| DATA LISTING |
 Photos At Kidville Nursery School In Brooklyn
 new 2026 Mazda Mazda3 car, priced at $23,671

...

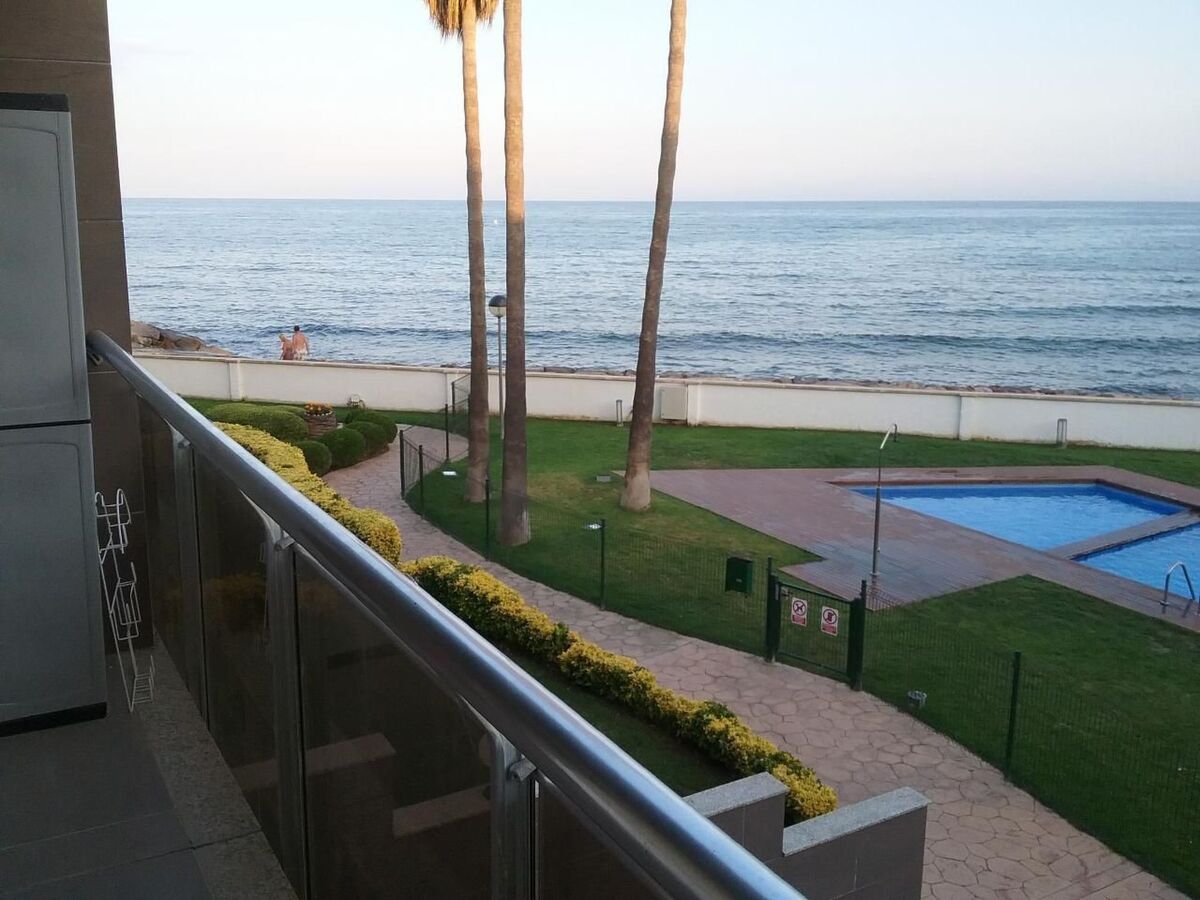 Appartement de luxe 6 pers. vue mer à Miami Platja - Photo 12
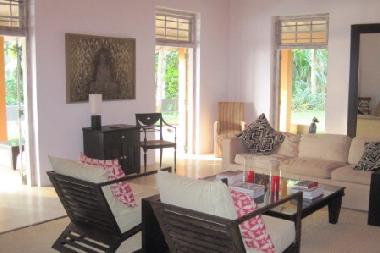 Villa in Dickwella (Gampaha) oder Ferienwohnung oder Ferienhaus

| WHAT IS EXPECTED |
From the listing above, return the lines starting at the one with "Photos At Kidville" and ending at the one with "new 2026 Mazda Mazda3 car, priced at $23,671", both kept, exactly as they appear and nothing more.

| SOLUTION TO THE PROBLEM |
 Photos At Kidville Nursery School In Brooklyn
 new 2026 Mazda Mazda3 car, priced at $23,671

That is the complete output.